▶ **WORK INSTRUCTIONS**: Use the entries below and reproduce exactly the lines from the one containing "Four People Gallery: Monks" down to the one containing "- Фото, изображение", both of them included.

▶ **GIVEN RECORDS**:
▽

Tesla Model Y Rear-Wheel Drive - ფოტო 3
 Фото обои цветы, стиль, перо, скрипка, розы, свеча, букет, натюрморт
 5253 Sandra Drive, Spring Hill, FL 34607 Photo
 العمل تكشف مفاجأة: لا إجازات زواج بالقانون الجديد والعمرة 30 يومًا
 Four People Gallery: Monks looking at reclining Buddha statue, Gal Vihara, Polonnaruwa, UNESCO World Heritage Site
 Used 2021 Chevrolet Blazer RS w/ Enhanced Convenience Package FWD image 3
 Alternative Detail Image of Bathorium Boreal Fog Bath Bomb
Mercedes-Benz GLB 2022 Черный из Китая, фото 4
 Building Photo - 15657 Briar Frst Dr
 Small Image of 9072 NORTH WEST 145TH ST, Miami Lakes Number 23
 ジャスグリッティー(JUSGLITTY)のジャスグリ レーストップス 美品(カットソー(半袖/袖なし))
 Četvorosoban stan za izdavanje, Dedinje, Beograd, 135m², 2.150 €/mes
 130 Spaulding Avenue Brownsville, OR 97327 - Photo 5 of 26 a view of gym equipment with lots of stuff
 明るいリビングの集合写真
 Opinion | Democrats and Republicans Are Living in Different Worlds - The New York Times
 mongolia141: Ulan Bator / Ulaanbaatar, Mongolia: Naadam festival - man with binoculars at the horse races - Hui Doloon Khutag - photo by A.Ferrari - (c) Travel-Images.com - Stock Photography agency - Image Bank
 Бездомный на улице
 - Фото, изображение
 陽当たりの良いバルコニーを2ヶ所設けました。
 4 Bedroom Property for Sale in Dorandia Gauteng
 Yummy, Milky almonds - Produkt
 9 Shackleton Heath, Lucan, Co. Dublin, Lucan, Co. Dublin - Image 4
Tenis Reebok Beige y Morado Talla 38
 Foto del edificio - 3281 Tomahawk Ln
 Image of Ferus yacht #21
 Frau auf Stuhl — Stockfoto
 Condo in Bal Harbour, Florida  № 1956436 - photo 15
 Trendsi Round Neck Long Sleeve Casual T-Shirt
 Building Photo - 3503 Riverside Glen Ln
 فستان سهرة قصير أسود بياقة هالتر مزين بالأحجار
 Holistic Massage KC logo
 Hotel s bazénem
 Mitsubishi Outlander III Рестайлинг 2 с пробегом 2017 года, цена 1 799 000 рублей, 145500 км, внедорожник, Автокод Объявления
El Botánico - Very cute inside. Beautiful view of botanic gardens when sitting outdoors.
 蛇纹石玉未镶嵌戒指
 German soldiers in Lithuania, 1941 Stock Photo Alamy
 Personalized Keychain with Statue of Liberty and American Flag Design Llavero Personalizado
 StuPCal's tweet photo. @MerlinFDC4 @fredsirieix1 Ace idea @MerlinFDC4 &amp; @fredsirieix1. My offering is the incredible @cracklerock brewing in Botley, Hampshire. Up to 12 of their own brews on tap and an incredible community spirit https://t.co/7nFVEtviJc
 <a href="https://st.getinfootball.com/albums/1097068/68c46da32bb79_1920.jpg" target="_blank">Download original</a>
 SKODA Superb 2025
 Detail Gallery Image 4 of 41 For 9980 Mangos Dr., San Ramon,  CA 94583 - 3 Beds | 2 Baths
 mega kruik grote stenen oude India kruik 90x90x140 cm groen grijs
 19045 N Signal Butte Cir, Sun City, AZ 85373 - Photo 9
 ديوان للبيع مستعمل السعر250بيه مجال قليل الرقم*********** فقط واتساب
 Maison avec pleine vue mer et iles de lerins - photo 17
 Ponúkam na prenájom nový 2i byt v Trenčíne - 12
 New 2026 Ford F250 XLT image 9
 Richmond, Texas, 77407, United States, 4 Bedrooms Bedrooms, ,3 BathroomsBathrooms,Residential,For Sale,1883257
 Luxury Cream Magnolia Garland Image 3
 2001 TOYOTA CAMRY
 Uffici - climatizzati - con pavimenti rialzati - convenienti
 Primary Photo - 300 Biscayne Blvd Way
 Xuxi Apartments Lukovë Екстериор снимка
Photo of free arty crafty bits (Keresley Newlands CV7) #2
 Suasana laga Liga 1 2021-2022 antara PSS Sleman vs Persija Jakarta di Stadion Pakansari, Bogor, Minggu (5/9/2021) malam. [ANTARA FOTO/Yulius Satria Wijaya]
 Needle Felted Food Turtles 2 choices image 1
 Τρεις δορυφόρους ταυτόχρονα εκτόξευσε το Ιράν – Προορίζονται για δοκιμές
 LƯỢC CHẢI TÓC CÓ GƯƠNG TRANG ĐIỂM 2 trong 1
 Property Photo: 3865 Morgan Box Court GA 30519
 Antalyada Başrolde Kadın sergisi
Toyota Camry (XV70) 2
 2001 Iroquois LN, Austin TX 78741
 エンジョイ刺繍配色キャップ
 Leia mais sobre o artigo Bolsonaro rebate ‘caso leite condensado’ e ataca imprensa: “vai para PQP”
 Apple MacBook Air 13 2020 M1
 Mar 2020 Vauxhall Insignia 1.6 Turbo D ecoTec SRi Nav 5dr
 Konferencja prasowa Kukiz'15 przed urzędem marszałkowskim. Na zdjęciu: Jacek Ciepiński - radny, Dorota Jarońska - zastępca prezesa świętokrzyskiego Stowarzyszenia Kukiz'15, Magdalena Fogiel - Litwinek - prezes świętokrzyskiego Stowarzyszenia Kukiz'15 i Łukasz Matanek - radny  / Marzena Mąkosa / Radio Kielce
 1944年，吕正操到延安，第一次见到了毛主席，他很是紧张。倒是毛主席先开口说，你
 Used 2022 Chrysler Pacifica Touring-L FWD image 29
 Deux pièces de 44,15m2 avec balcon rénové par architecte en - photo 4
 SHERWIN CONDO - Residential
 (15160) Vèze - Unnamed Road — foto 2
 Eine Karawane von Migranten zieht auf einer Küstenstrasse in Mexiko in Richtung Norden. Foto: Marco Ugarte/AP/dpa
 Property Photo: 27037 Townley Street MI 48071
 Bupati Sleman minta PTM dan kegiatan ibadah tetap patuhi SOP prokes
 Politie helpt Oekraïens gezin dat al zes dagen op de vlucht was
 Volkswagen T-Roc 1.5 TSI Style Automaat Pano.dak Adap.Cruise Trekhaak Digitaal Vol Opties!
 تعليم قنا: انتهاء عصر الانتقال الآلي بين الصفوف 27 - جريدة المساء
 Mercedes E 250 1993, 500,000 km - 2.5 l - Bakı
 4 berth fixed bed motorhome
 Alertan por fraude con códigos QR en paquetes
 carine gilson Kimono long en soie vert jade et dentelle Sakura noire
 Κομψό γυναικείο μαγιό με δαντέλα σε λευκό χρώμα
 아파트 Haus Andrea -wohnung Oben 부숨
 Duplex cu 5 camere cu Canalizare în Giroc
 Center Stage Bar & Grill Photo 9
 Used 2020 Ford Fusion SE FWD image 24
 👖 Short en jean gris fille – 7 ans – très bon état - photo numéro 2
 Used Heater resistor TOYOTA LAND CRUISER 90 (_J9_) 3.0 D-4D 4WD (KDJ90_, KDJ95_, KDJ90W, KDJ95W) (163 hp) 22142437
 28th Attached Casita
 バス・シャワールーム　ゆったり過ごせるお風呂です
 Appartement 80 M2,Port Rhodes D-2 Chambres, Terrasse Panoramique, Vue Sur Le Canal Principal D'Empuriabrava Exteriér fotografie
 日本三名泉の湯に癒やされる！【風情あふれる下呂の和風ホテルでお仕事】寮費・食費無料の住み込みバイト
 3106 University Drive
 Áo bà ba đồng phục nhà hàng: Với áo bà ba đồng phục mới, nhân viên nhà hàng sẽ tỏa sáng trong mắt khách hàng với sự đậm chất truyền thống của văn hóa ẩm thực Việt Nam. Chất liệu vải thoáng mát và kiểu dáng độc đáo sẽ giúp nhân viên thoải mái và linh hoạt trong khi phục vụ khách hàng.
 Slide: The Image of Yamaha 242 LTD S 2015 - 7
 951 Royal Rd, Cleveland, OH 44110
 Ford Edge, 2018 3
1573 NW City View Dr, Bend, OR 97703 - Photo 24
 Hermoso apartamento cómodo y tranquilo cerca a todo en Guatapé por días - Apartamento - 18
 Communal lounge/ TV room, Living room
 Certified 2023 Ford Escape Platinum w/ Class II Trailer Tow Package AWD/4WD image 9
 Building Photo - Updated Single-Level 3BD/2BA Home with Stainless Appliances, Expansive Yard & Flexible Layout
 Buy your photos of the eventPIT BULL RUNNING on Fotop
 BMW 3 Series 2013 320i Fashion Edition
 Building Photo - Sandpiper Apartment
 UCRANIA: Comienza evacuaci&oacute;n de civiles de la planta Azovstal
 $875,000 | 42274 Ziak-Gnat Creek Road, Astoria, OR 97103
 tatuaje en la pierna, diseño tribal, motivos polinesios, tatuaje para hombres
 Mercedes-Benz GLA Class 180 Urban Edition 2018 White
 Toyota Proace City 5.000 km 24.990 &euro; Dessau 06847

△

▶ **SOLUTION**:
 Four People Gallery: Monks looking at reclining Buddha statue, Gal Vihara, Polonnaruwa, UNESCO World Heritage Site
 Used 2021 Chevrolet Blazer RS w/ Enhanced Convenience Package FWD image 3
 Alternative Detail Image of Bathorium Boreal Fog Bath Bomb
Mercedes-Benz GLB 2022 Черный из Китая, фото 4
 Building Photo - 15657 Briar Frst Dr
 Small Image of 9072 NORTH WEST 145TH ST, Miami Lakes Number 23
 ジャスグリッティー(JUSGLITTY)のジャスグリ レーストップス 美品(カットソー(半袖/袖なし))
 Četvorosoban stan za izdavanje, Dedinje, Beograd, 135m², 2.150 €/mes
 130 Spaulding Avenue Brownsville, OR 97327 - Photo 5 of 26 a view of gym equipment with lots of stuff
 明るいリビングの集合写真
 Opinion | Democrats and Republicans Are Living in Different Worlds - The New York Times
 mongolia141: Ulan Bator / Ulaanbaatar, Mongolia: Naadam festival - man with binoculars at the horse races - Hui Doloon Khutag - photo by A.Ferrari - (c) Travel-Images.com - Stock Photography agency - Image Bank
 Бездомный на улице
 - Фото, изображение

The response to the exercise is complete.